Temo que esteja deixando de gostar de romances policiais. Isso me preocupa, porque ler um bom romance policial sempre foi um descanso para a minha pequena mente. Precisava dar uma espairecida? Pegava um Raymond Chandler, um Dashiell Hammett, um James Ellroy ou um Ed McBain e me regalava. Tenho coleções de literatura noir e as prezo como se fossem o que as pessoas chamam hoje de “pets”. Eu as levaria para passear e limparia seu cocô, se elas pedissem.
Aliás, sempre que vejo alguém limpando o cocô do cachorro na calçada, me pergunto: “Quem é o chefe?

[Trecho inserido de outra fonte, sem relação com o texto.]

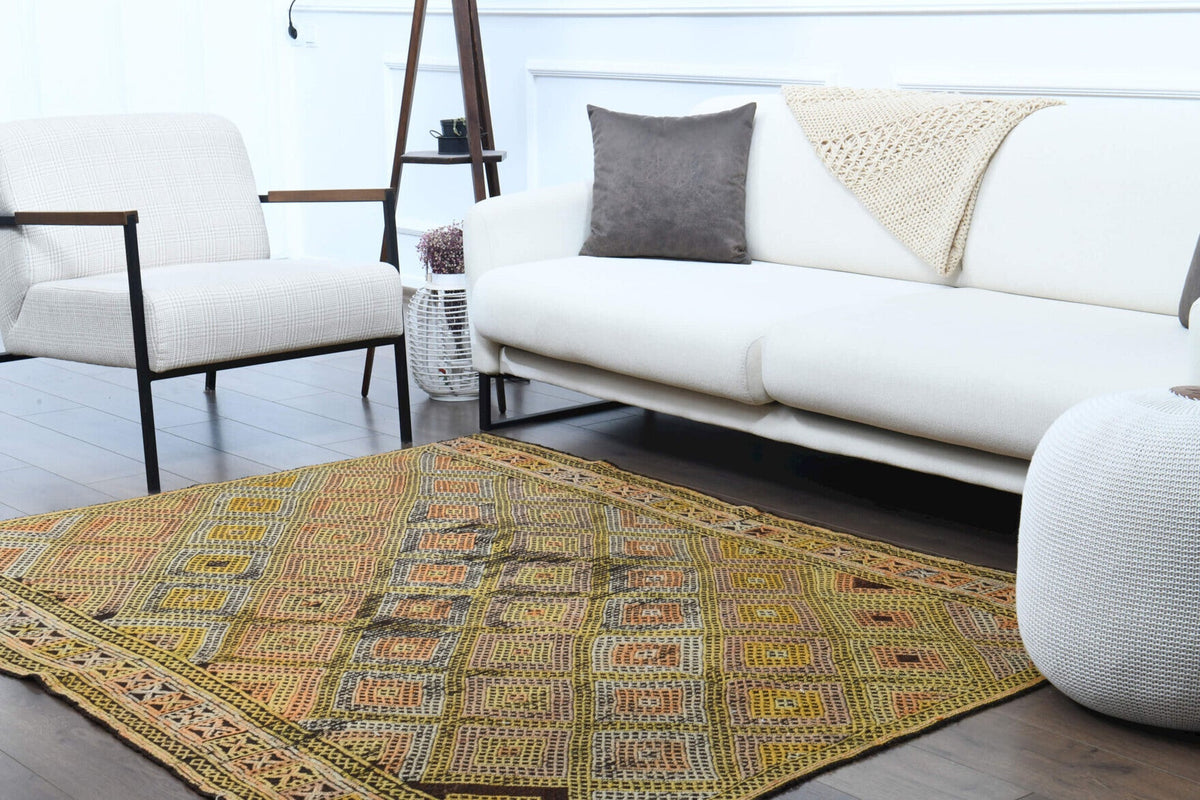 El yapımı vintage halı 157x203 cm geometrik desenli yün - mekan görünümü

O que faz cocô ou o que limpa o cocô?”
Isso significa que eu seria subalterno das minhas coleções de romance noir. Mas essa situação está mudando. Há livros policiais que me impacientam. Leio cento e poucas páginas e largo, pensando: tenho mais o que fazer.
Agora mesmo, vi, na livraria do Ivan Pinheiro Machado, um romance do suíço Joël Dicker. O Desaparecimento de Stephanie Mailer, é o título. Perguntei ao Ivan se ele já tinha lido, ele respondeu que não.
– Mas esse cara é considerado um fenômeno – acrescentou.
É verdade. Joël Dicker vendeu milhões (não falei milhares, falei milhões) de romances na Europa. Ele desfruta de bom prestígio entre os admiradores de romances policiais. Além disso, o nome do autor tem trema. Sou um ressentido do banimento do trema da língua portuguesa. O uso do trema confere charme a um idioma. Ele se torna mais requintado, até mais misterioso. Sem trema, a linguiça nunca mais foi a mesma. Parei de fazer arroz de china pobre depois que a linguiça perdeu seu trema.
A propósito: esse “parei” do verbo “parar”, no sentido de “cessar”, sofreu uma das mudanças que mais me magoaram na reforma ortográfica cometida pela Academia Brasileira de Letras. Porque o “para” na acepção de “detenha-se”, perdeu o acento e, perdendo o acento, perdeu a força. Esse “para” é uma ordem, é impositivo, é urgente, tem três exclamações:
– PÁRA!!!
Precisa do acento. Ou fica frouxo:
– Para.
Não faço mais arroz com linguiça sem trema, não escrevo mais para do verbo parar.
Mas o nome do autor de O Desaparecimento de Stephanie Mailer tinha um elegante trema e ele é amado na Europa. Comprei o livro. É um alentado volume de quase 600 páginas. Calculei: terei pelo menos duas semanas de diversão.
No entanto, entrei no livro e comecei a ficar decepcionado. Era tudo tão ingênuo, tudo tão puro, tudo tão... suíço. Mesmo assim, fui em frente. Avancei mais ou menos até a página 350 e então me detive. Disse para mim mesmo:
– Pára!
E foi um para com acento e exclamação, porque foi forte. É que, àquela altura da trama (não do trema), já havia identificado todos os truques do autor, e me desinteressei pelo livro. Estava decidido a largá-lo, mas, em deferência ao trema (não trama) de Joël, continuei até o fim, só que lendo em alta velocidade, numa leitura dinâmica, até engolir o ponto final com alívio. Foi uma história boba, e me senti bobo por ter dado atenção a ela. Pois agora, em época de Feira do Livro, é o que me inquieta: será que estou deixando de ser um leitor de romances noir? Que diversão estou perdendo. Que momentos de lazer não terei mais.